佐藤氏によれば、モダンなSCM(サプライチェーンマネジメント)システムのモジュールのようなイメージでMiraklのプラットフォームを活用したいという問い合わせは、すでに日本企業からも多数寄せられているそうだ。

自社EC事業者や既存のEC基盤ベンダーとは補完関係

ECの「第3の選択肢」を標榜してその価値を日本市場に訴求していく際に、既存の選択肢との関係性についてはどう整理していくのだろうか。佐藤氏は「Miraklベースのマーケットプレイスは、Amazonや楽天市場のような巨大な総合マーケットプレイスとも、独自ECサイトとも競合するとは考えていない」と話す。

前述したように、特定の価値観や品質基準などに基づいた品揃えのマーケットプレイスと、あらゆるものが揃う総合マーケットプレイスとでは存在意義が異なり、棲み分けることになる可能性は高いとMiraklでは見ている。独自ECサイトに至っては、明確な補完関係にあるという。Miraklは小規模なEC事業者をサードパーティーセラーとして積極的に迎え入れる方針で、そのための仕組みも整えている。

Miraklのマーケットプレイス・プラットフォームは、ヘッドレスコマースのアーキテクチャに基づいてECのバックエンドに特化した機能のみを提供しており、API(Application Programming Interface)でさまざまな連携が行える。サードパーティーセラーのパフォーマンス管理、製品データのマッピングと重複排除、AIを活用した製品カタログ管理、ビジネスルールの実装、決済などがプラットフォームのコア機能となり、WebサイトのUI開発などのフロント部分の機能は網羅していない。

  • Miraklが提供するプラットフォームのアーキテクチャ

    Miraklが提供するプラットフォームのアーキテクチャ

独SAPや米Adobe、米Salesforce.com、米Oracle、カナダのShopifyといったグローバルベンダーのEコマース向け製品については、Miraklプラットフォームとスムーズに連携できるためのコネクターを用意している。こうした製品を用いて、マーケットプレイスのUIを自由に最適化できる。このアーキテクチャはサードパーティーセラーとのスムーズな連携にも貢献している。例えば、ShopifyでECサイトを構築した小規模なショップの情報を自動的にMiraklのマーケットプレイスに同期させることもできる。

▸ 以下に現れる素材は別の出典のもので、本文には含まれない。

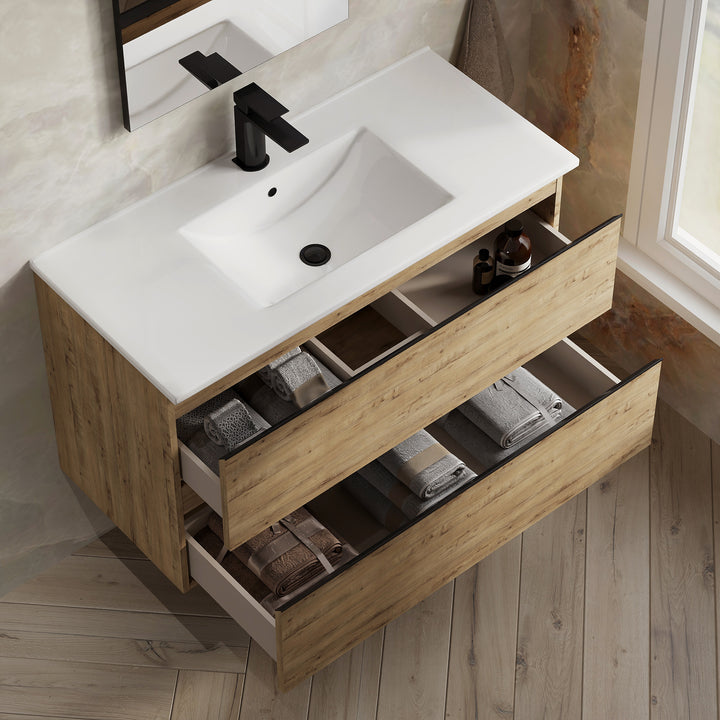 Vatilla 1000mm Wall Hung Vanity Unit with Matt Black Handles - Ostippo Oak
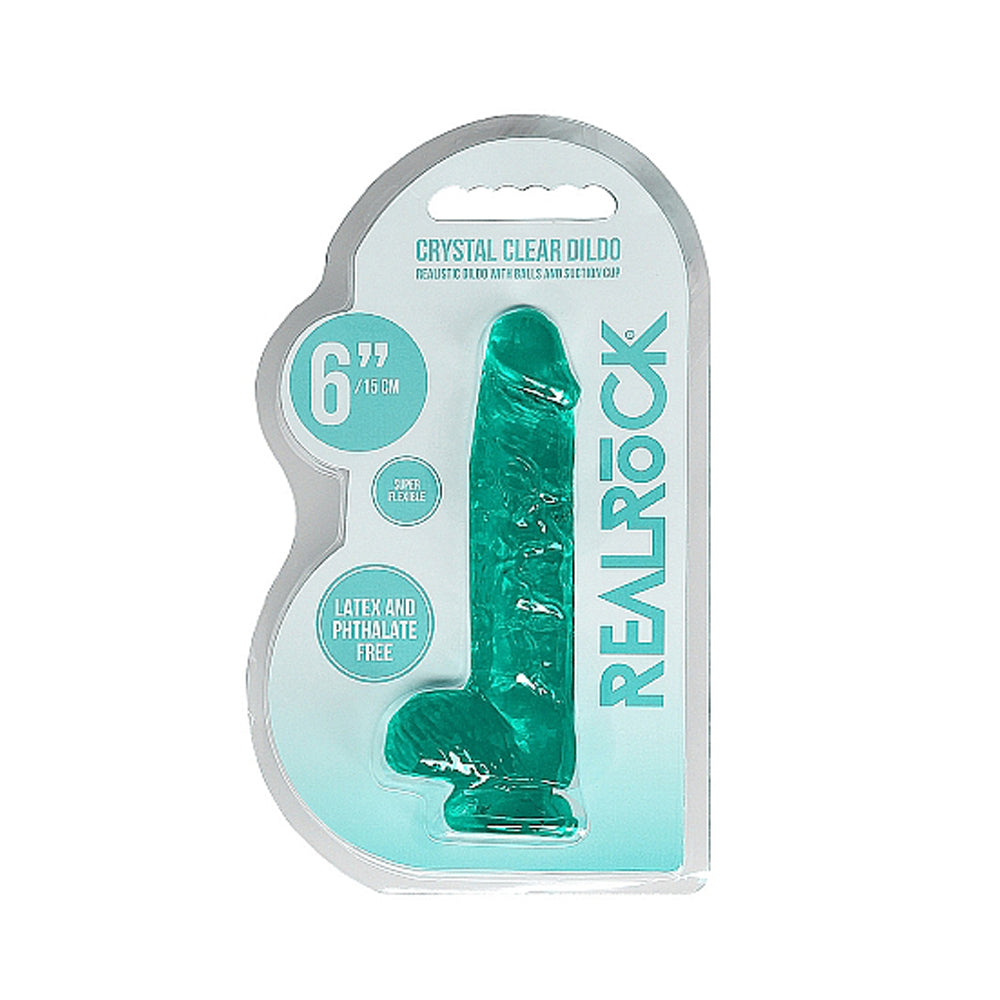 RealRock Crystal Clear Realistic 6 in. Dildo With Balls and Suction Cup Turquoise Turquoise RealRock Crystal Clear dildo in transparent retail pack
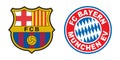 Vinnitsa, Ukraine - October 19, 2022: Barcelona and Bayern Munchen soccer team logo. Vector editorial illustration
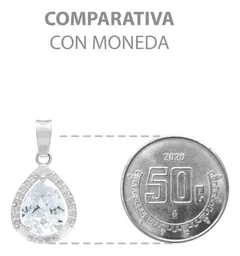 Dije Gota Plata 925 con Zirconias Transparentes para Dama - Imagen 9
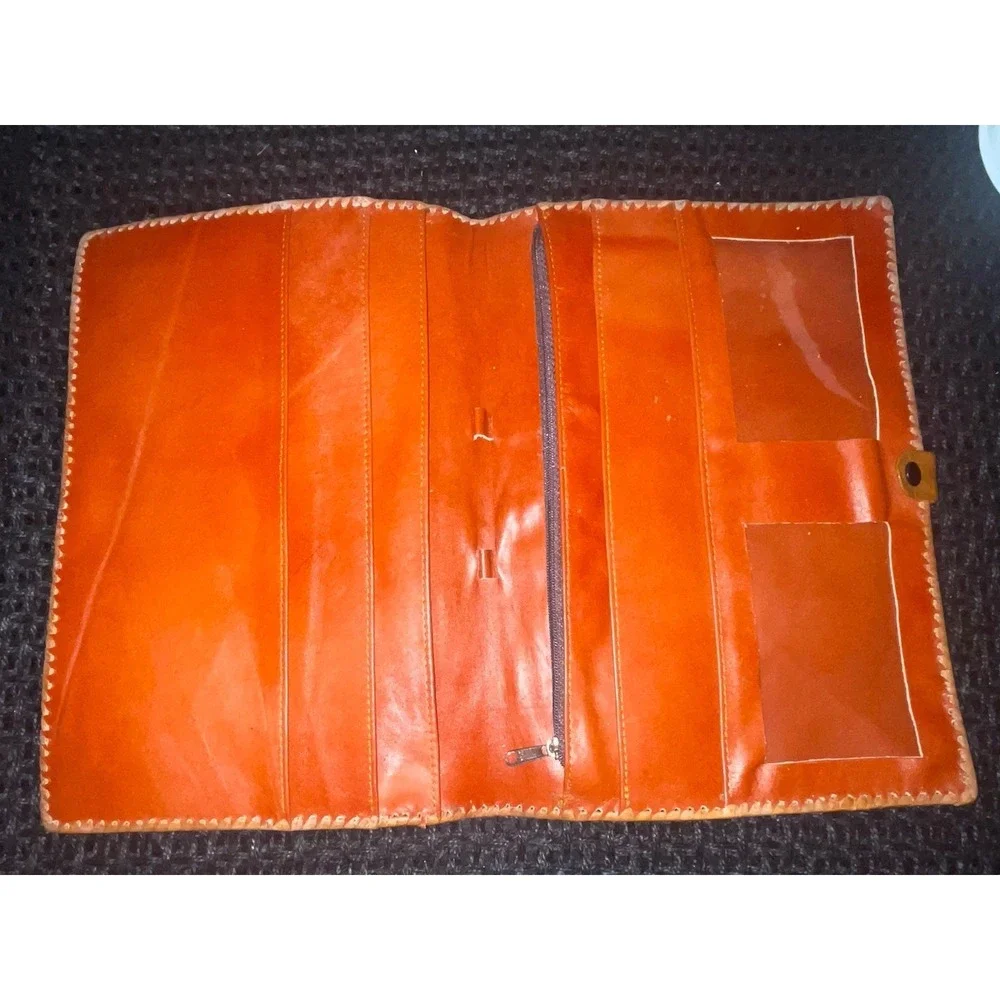 Vintage Tooled Leather Portfolio Folder Brown Leather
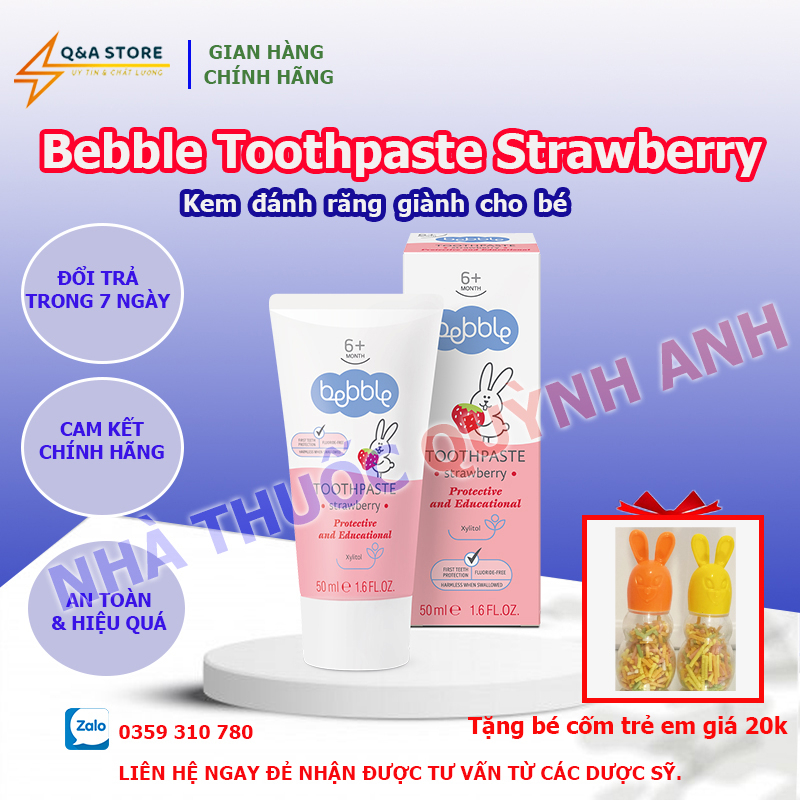CHÍNH HÃNG Kem đánh răng Bebble toothpaste vị dâu tây dành cho trẻ từ 6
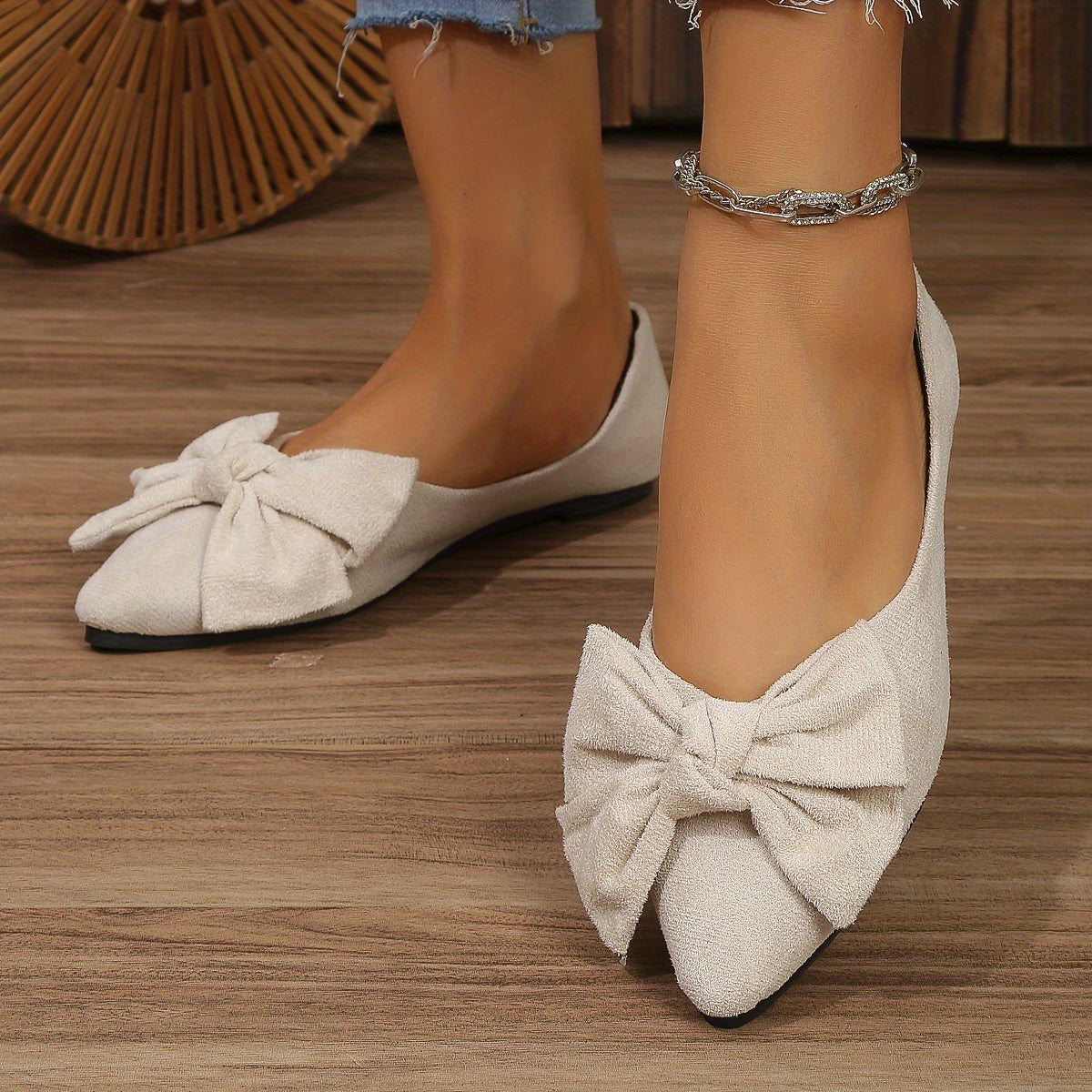 Lightweight Women's Elegant Point Toe Bowknot Decor Flat Shoes, Solid Color Dress Shoes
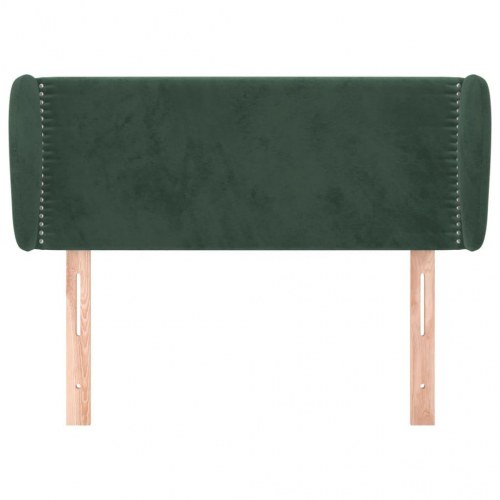 Sengegavl med kanter 93x23x78/88 cm fløjl mørkegrøn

Mirakl自身の市場開拓という観点でも、既存のECプラットフォーム製品とは競合せず、補完関係にある。佐藤氏は、「引き合いの状況も含めて日本のお客様からの期待も大きいと実感している」と話す。需要に応えるべく、現在MiraklではSIerなどに声をかけ、インプリパートナーの体制づくりにも着手している。

マーケットプレイスのプラットフォームを民主化するというMiraklが提供する価値が認められ、企業での採用も広まったという。

「日本はマーケットサイズが大きい一方でEC浸透率が欧米に比べて低く、だからこそ成長の余地は大きい。北米市場での成長に貢献したキーパーソンが日本でのビジネス立ち上げに参加するなど、Mirakl本社も日本市場を非常に重視している。日本企業がECビジネスにもう一歩踏み込む手伝いができれば」と佐藤氏は力を込めていた。